Il giorno di Capodanno, il Giappone ha tremato sotto un terremoto di magnitudo 7.5 nella prefettura di Ishikawa. E, nonostante la sua forza, il bilancio delle vittime è stato sorprendentemente contenuto, un dato che contrasta nettamente con quello di eventi simili in altre parti del mondo, come il terremoto in Turchia del febbraio 2023, che ha causato oltre 50.000 morti. La differenza è abissale e si chiama prevenzione.

Da un secolo, il Giappone ha trasformato ogni scossa tellurica in un’occasione per migliorare la sicurezza sismica. La lezione più amara risale al 1923, quando un terremoto di magnitudo 7.9 a Yokohama costò la vita a 140.000 persone e distrusse centinaia di migliaia di edifici. Fu allora che il paese introdusse i primi standard sismici nei codici di costruzione, concentrandosi sul rafforzamento delle strutture in legno e cemento, soprattutto nelle aree urbane.

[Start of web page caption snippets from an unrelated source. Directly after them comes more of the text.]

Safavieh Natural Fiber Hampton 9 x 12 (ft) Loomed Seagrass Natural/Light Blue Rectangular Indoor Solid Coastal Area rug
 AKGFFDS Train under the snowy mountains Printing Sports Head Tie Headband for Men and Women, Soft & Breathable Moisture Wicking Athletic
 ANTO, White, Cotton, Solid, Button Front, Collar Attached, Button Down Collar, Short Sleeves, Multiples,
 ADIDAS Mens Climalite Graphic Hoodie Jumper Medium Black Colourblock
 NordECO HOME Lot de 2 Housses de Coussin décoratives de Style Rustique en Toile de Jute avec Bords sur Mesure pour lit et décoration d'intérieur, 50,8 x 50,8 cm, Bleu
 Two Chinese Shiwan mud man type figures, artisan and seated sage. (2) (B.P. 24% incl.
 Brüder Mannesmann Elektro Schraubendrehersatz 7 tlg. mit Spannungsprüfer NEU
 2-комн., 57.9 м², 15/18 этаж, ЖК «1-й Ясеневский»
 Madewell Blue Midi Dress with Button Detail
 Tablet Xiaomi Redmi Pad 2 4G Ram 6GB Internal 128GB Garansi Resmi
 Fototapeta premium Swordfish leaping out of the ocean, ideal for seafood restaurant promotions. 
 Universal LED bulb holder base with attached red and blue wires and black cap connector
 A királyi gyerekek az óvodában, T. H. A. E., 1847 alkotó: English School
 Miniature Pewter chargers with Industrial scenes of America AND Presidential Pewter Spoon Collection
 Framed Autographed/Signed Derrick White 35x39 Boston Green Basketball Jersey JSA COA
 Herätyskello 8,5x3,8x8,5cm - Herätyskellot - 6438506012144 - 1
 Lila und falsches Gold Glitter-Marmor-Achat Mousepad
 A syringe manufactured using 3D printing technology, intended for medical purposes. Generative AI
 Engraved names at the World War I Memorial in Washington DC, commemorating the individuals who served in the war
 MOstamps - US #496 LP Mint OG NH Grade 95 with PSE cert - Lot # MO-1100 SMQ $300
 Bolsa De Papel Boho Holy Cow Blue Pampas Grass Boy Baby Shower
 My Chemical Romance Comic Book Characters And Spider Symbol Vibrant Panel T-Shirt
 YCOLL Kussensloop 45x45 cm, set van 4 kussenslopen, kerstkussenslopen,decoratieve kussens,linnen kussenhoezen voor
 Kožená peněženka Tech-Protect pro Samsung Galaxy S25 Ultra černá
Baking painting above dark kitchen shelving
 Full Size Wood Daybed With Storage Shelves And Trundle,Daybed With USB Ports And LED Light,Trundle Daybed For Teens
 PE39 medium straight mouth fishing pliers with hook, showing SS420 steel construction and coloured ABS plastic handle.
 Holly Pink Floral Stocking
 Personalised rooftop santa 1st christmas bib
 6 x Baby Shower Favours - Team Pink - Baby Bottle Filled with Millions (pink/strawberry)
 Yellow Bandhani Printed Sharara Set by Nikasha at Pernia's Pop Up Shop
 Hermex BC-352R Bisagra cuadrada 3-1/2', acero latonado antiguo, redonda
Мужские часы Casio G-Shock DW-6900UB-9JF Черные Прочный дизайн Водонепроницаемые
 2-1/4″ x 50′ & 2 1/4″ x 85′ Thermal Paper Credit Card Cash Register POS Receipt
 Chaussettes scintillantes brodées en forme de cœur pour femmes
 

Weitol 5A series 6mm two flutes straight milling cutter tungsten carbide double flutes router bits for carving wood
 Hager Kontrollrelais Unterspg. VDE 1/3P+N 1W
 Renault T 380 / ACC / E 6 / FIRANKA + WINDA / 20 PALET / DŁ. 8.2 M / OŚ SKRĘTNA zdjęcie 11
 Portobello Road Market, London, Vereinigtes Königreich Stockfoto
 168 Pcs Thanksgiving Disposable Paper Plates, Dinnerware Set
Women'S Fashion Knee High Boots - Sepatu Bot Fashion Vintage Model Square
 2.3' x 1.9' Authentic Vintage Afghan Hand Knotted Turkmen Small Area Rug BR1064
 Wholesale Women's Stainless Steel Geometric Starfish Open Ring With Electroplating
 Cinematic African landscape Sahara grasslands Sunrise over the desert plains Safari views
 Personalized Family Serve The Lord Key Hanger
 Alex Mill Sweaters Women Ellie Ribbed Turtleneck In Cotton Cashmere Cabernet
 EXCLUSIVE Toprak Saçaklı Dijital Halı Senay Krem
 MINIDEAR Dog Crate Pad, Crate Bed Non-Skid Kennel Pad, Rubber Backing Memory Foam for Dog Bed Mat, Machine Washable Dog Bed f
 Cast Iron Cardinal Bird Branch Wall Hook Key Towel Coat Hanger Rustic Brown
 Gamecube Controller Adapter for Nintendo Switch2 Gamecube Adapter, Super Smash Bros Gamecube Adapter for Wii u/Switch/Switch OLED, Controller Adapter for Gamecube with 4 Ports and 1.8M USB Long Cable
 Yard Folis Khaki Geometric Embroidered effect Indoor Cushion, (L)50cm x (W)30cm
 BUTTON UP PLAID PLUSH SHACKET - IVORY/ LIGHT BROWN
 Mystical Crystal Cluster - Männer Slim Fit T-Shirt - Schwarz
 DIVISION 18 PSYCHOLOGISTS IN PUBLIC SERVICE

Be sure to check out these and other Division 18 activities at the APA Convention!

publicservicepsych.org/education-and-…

Oggi, la normativa giapponese stabilisce che ogni edificio deve resistere a un terremoto di qualsiasi intensità, anche se ciò significa subire danni strutturali. Un obiettivo raggiunto grazie a tecniche sofisticate, come gli ammortizzatori sismici, installati tra le colonne e le travi degli edifici, che assorbono le vibrazioni, e i sistemi di isolamento sismico, che “sganciano” l’edificio dalle fondamenta, minimizzando gli effetti del sisma. Ma non solo: anche il semplice rinforzo di muri, colonne e travi, tramite l’utilizzo di materiali come il calcestruzzo prefabbricato o l’acciaio, contribuisce in maniera significativa alla sicurezza.

Krista Looza, ingegnere strutturale con sede in California, definisce gli ammortizzatori e l’isolamento sismico “il Cadillac delle prestazioni” quando si tratta di edifici. La verità è che investire nella sicurezza sismica non è un costo, ma un vero e proprio investimento nel futuro.

Un modello da seguire, anche altrove

Un modello da seguire, anche altrove

Le tecniche adottate in Giappone non sono esclusive del Sol Levante. Anche stati come la California e le Hawaii negli Stati Uniti hanno standard di costruzione severi, mentre a New York, i grattacieli più alti utilizzano sistemi di smorzamento delle vibrazioni per contrastare gli effetti delle intemperie. Ma ciò che emerge dalla tragedia venezuelana è la necessità di una maggiore consapevolezza e di un impegno concreto nella prevenzione. Dopo ogni evento sismico, gli scienziati giapponesi analizzano a fondo i danni subiti dagli edifici, per individuare le debolezze strutturali e migliorare ulteriormente i codici di costruzione. Un approccio metodico che, purtroppo, sembra mancare in molti paesi, dove la ricostruzione frettolosa spesso prevale sulla sicurezza a lungo termine.

La cifra parla chiara: mentre il Giappone registra circa 1.500 terremoti all’anno, la maggior parte dei quali di intensità lieve, il Venezuela affronta una crisi umanitaria che avrebbe potuto essere in parte evitata con una pianificazione urbana più oculata e l’applicazione di standard costruttivi più rigorosi. Non è il terremoto a determinare la catastrofe, ma la nostra incapacità di prepararci ad esso.